Top of Material provided
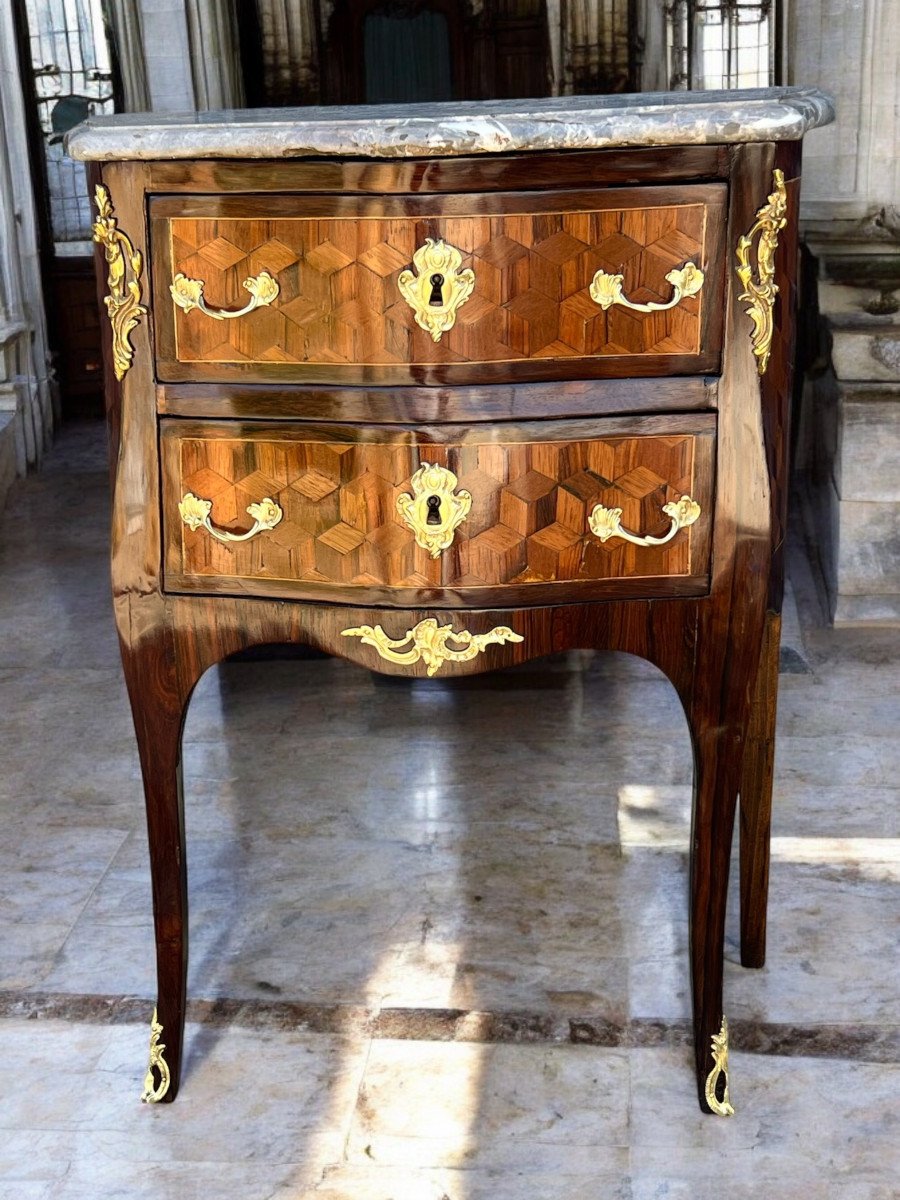 18th Century Louis XV Period Chest Of Drawers In Marquetry Decorated With Bronze / Marble Top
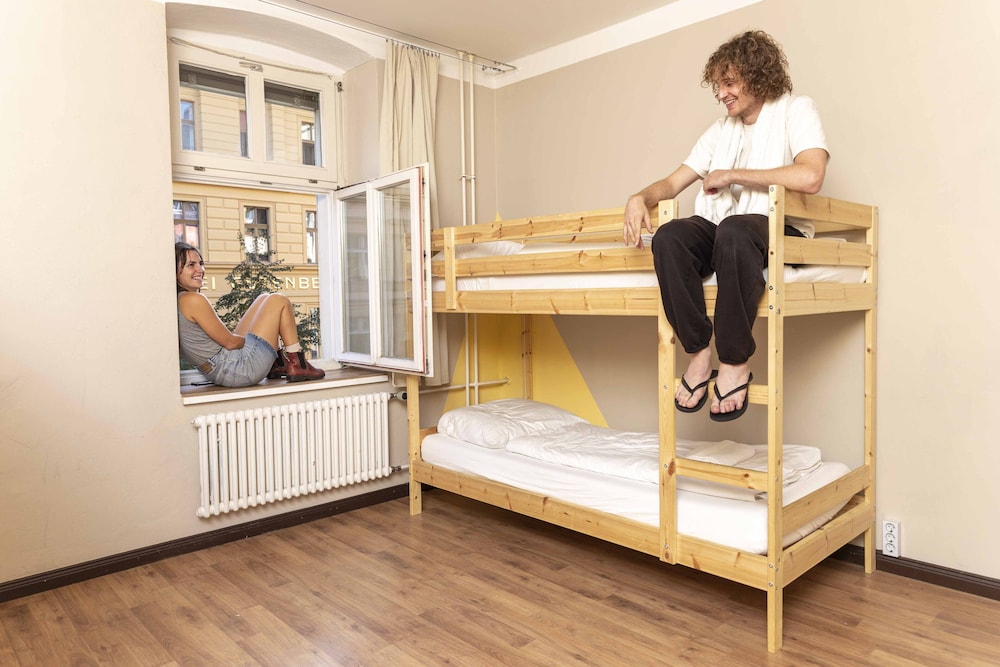 Eastseven Berlin Hostel 4/53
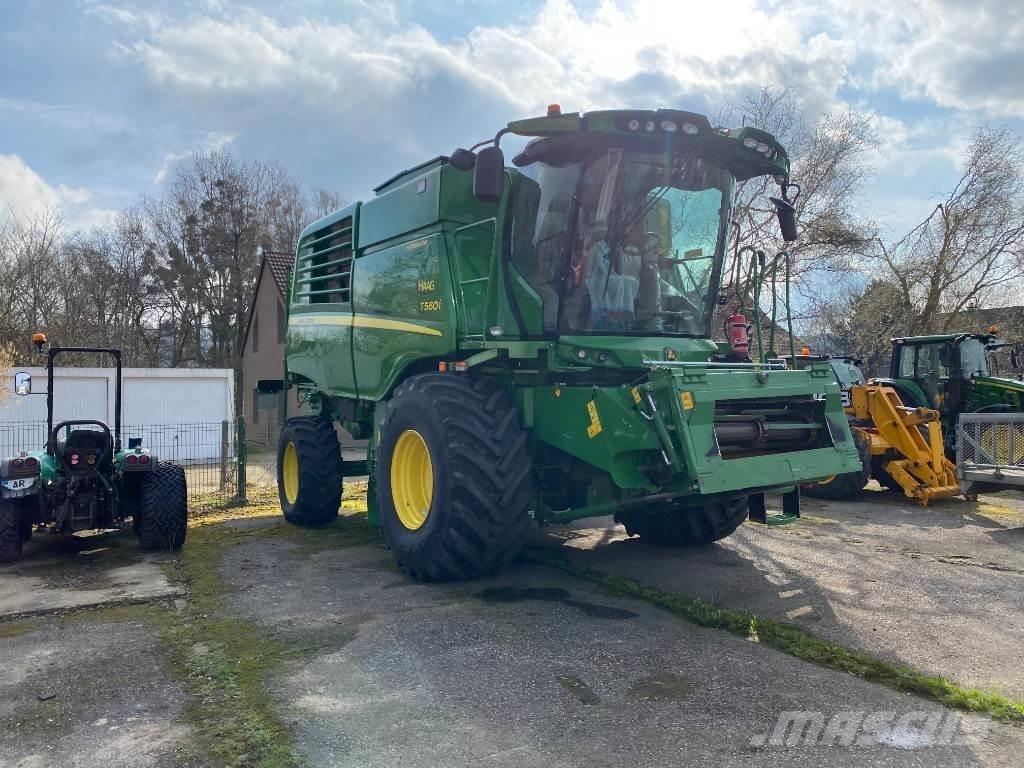 John Deere T560 HM Sklízecí mlátičky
Bottom of Material provided
§ **Exercise aim**
In your copy of the material, match every word exactly and include no pictures.

§ **Response box**
 18th Century Louis XV Period Chest Of Drawers In Marquetry Decorated With Bronze / Marble Top
 Eastseven Berlin Hostel 4/53
 John Deere T560 HM Sklízecí mlátičky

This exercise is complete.